[Image-text web data]
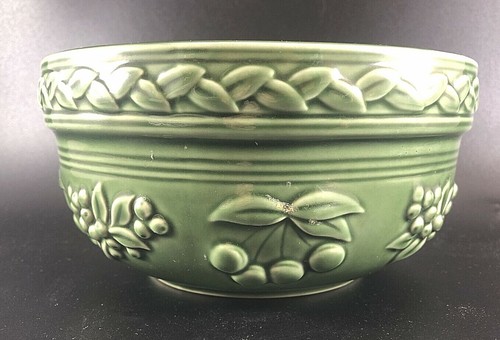 2000 Tender Heart Treasures POTTERY BAKING BOWL Green 3.5" Tall x 7" D - Picture 3 of 6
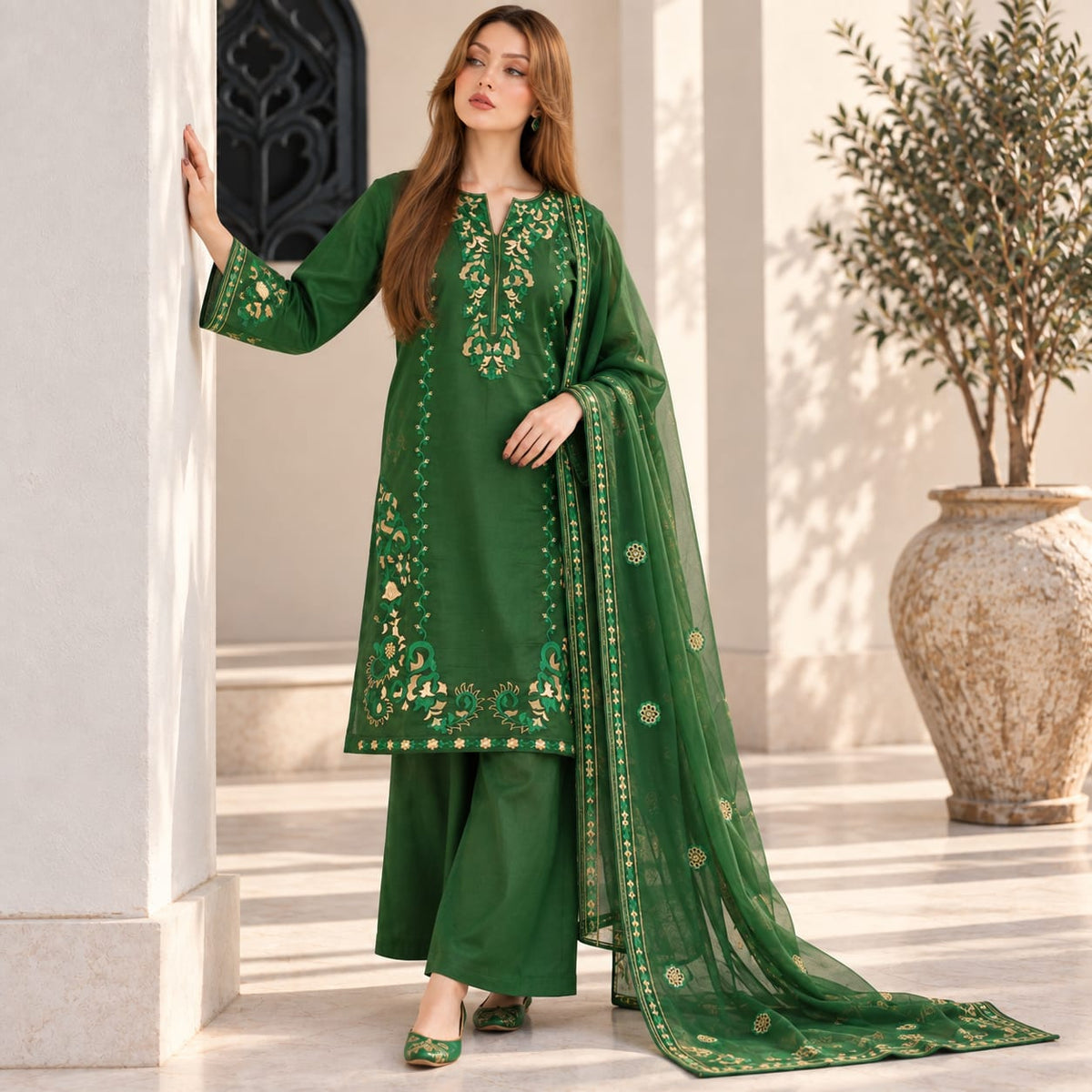 Summer Stitched 3PCs Embroidered Lawn Dress  - TS 18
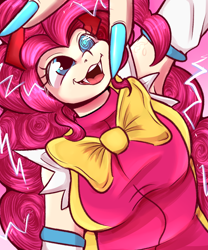 Size: 2500x3000 | Tagged: safe, artist:marubup, derpibooru import, pinkie pie, demon, original species, youkai, chaos, commission open, crossover, horn, oni, open mouth, open smile, simple background, smiling, solo, species swap, swirly eyes, touhou, transformation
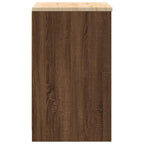 Garage Storage Cabinet Brown Oak 60x51x85 cm Solid Wood Pine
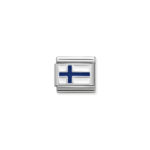 Composable Classic Link Finland Flag with 925 Sterling Silver & Enamel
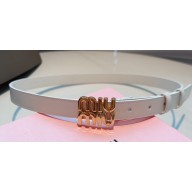 Miu Miu Width 2cm Leather Belt 5CC559 White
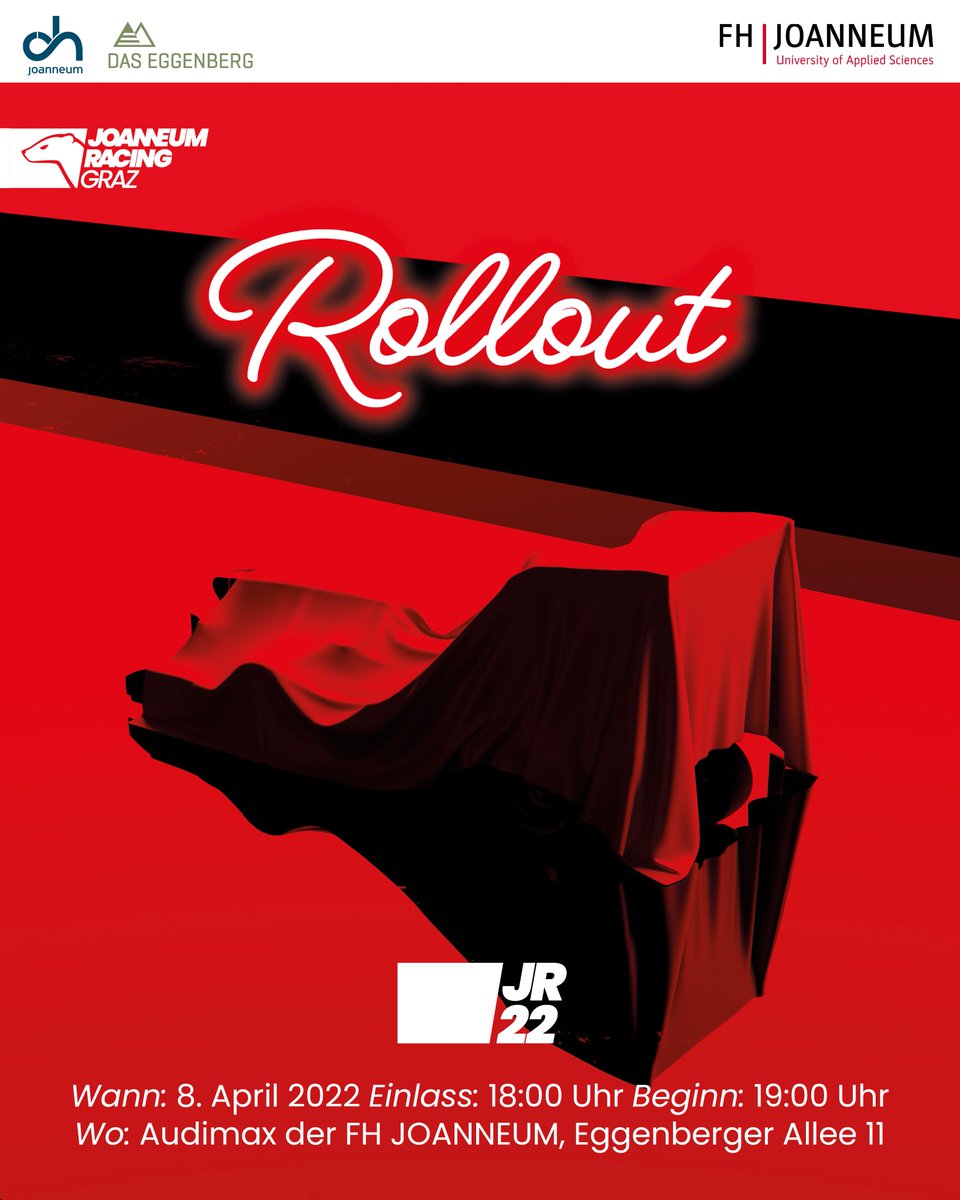 Ladies and gentlemen, the time has come: We invite you to the Rollout of our brand new car, the #JR22! 
When: 8th April
Where: Audimax of <a href="/fh_joanneum/">FH JOANNEUM</a> 
Start: 7 p.m.
You can find more information and the registration here: joanneum-racing.at/rolloutjr22/
See you all there!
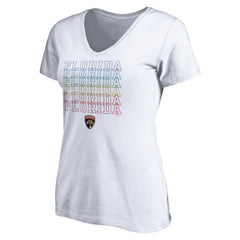 Florida Panthers Women's City Pride V-Neck T-Shirt - White - NHL 4257433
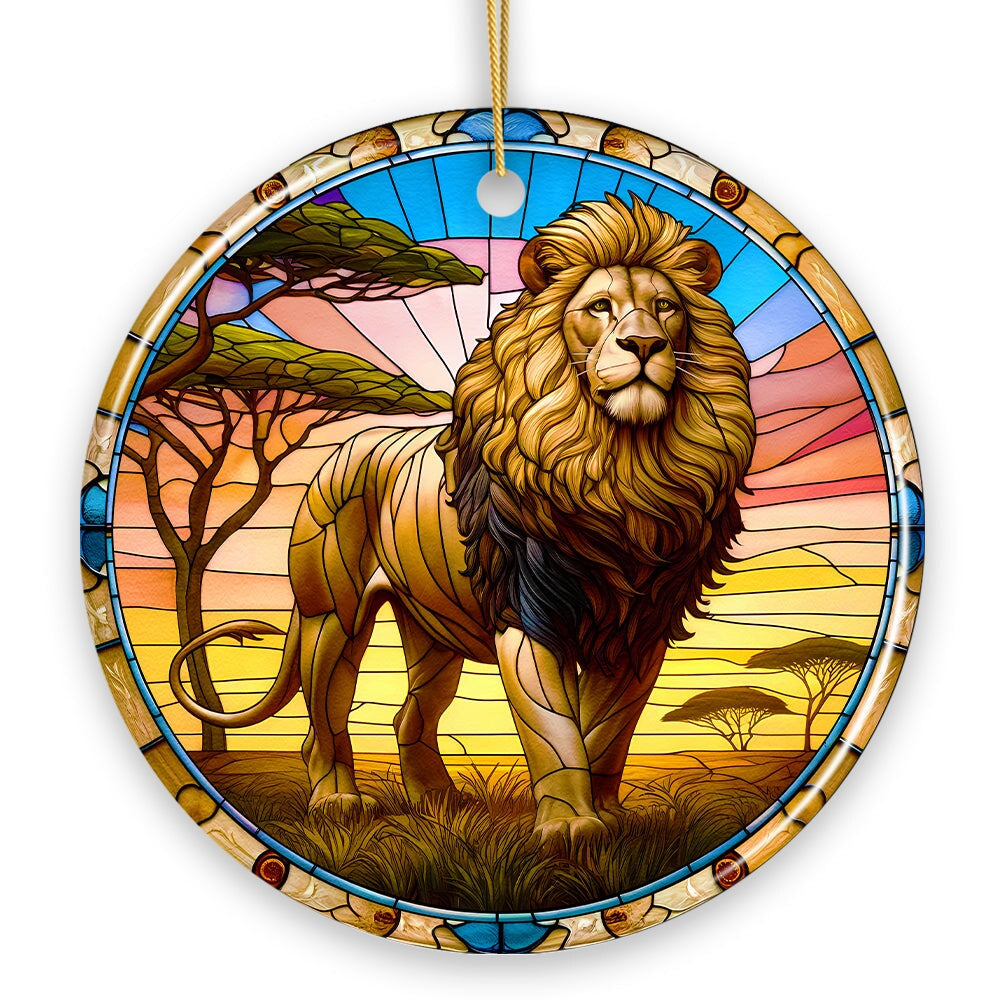 Kings of the Savannah Lion Stained Glass Style Ceramic Ornament, African Animals Christmas Gift and Decor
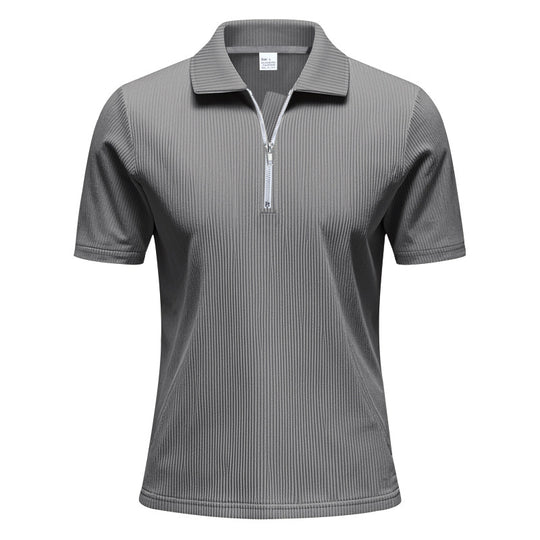 Herren Kurzarm Poloshirt mit Reißverschluss und strukturiertem Design R&B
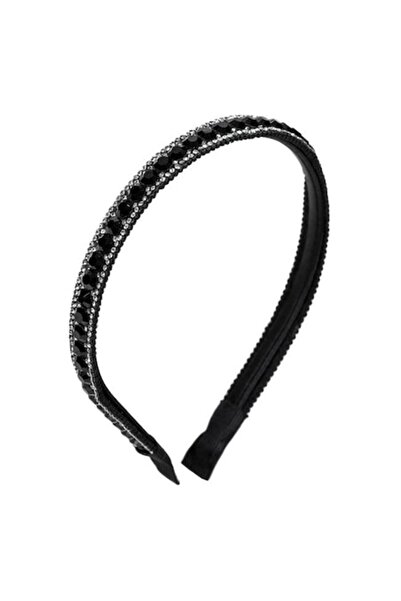 ANTBRO Bentiță de păr pentru femei, subțire, neagră, cu strasuri mici și pietre mari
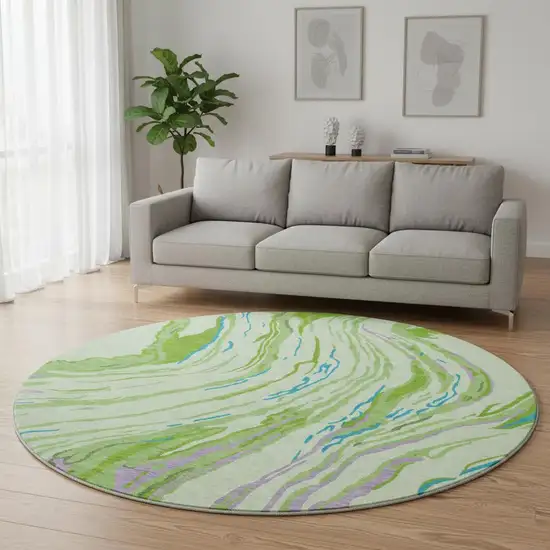 8' Green Lavender And Teal Abstract Washable Round Rug With UV Protection Photo 2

- [ACTION ITEM]:
Would you copy, word for word, only the lines above from the one containing "Where: Audimax of" through the one containing "Florida Panthers Women's", both included, and please leave out the pictures?

- [ANSWER SECTION]:
Where: Audimax of <a href="/fh_joanneum/">FH JOANNEUM</a> 
Start: 7 p.m.
You can find more information and the registration here: joanneum-racing.at/rolloutjr22/
See you all there!
 Florida Panthers Women's City Pride V-Neck T-Shirt - White - NHL 4257433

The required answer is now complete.